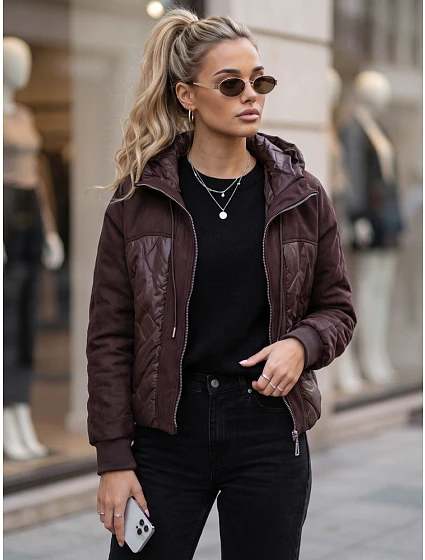 Dámská prošívaná přechodová bunda s kapucí, bordová, FashionStreet TY6094 Dámská prošívaná přechodová bunda s kapucí, bordová, FashionStreet TY6094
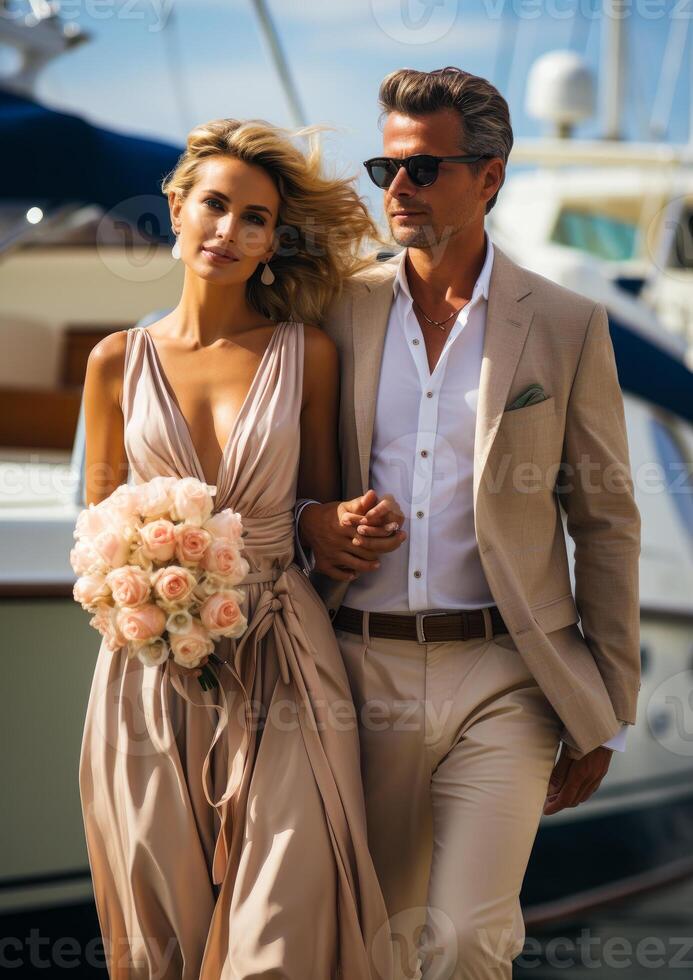 ai généré une homme et femme permanent près une yacht. une homme et une femme sont en marchant aux côtés de une bateau garé sur le rive. photo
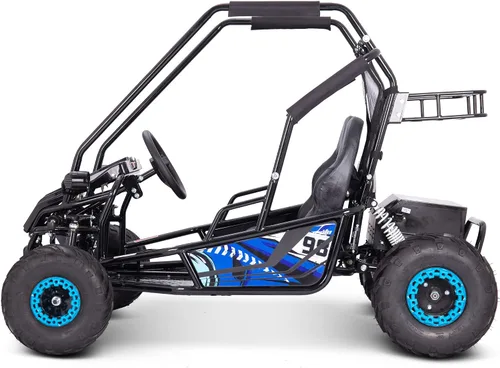 Vista 7 de MotoTec Mud XL 60v 2000w Electric Go Kart Full Suspension Blue Azul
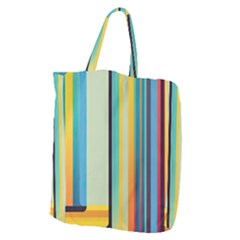 Colorful Rainbow Striped Pattern Stripes Background Giant Grocery Tote by Uceng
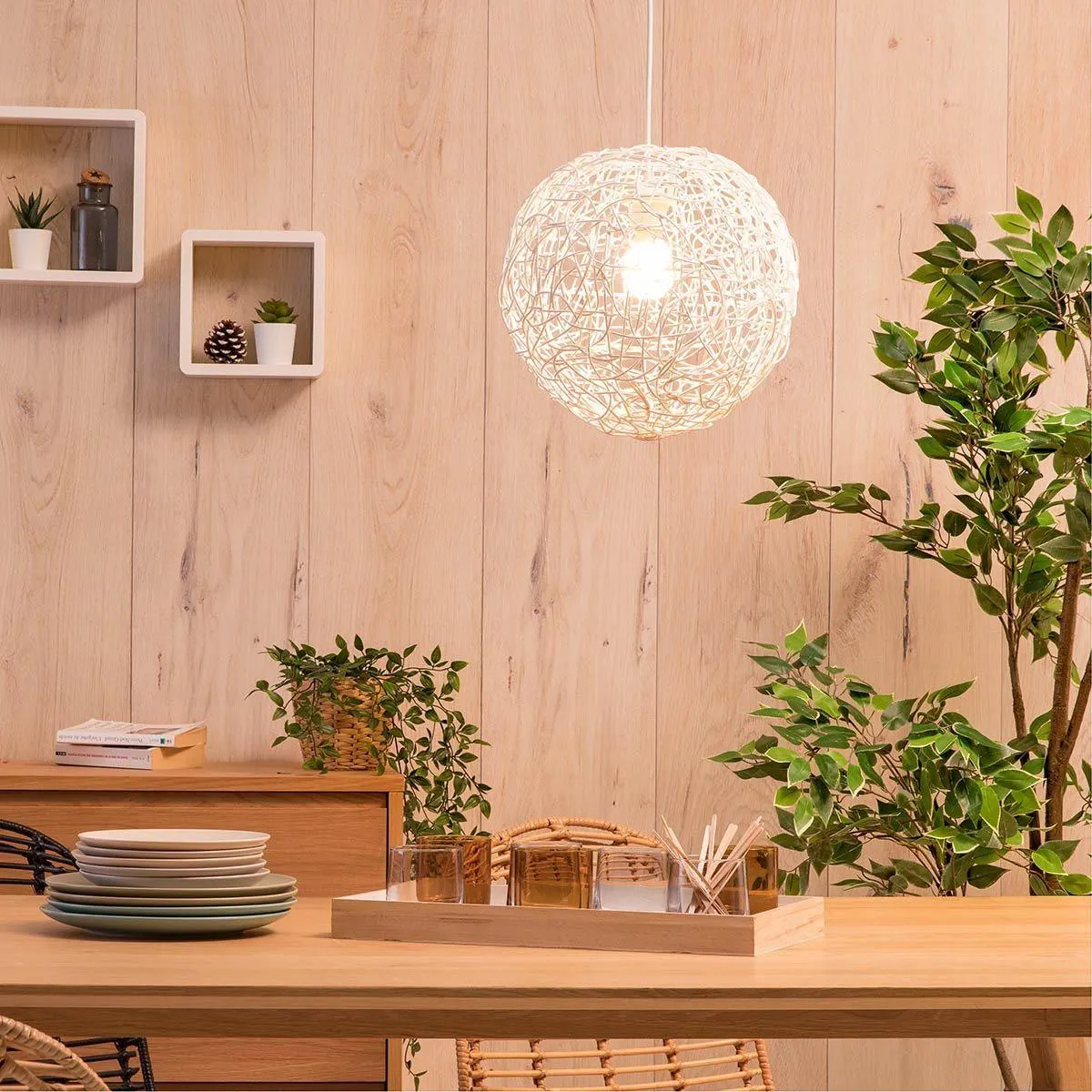 Suspension non électrifiée MURIA (D32cm) en rotin blanc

——————————

Task statement :: Please print the entries above exactly. Skip every picture.

Solved problem ::
 Dámská prošívaná přechodová bunda s kapucí, bordová, FashionStreet TY6094 Dámská prošívaná přechodová bunda s kapucí, bordová, FashionStreet TY6094
 ai généré une homme et femme permanent près une yacht. une homme et une femme sont en marchant aux côtés de une bateau garé sur le rive. photo
 Vista 7 de MotoTec Mud XL 60v 2000w Electric Go Kart Full Suspension Blue Azul
 Colorful Rainbow Striped Pattern Stripes Background Giant Grocery Tote by Uceng
 Suspension non électrifiée MURIA (D32cm) en rotin blanc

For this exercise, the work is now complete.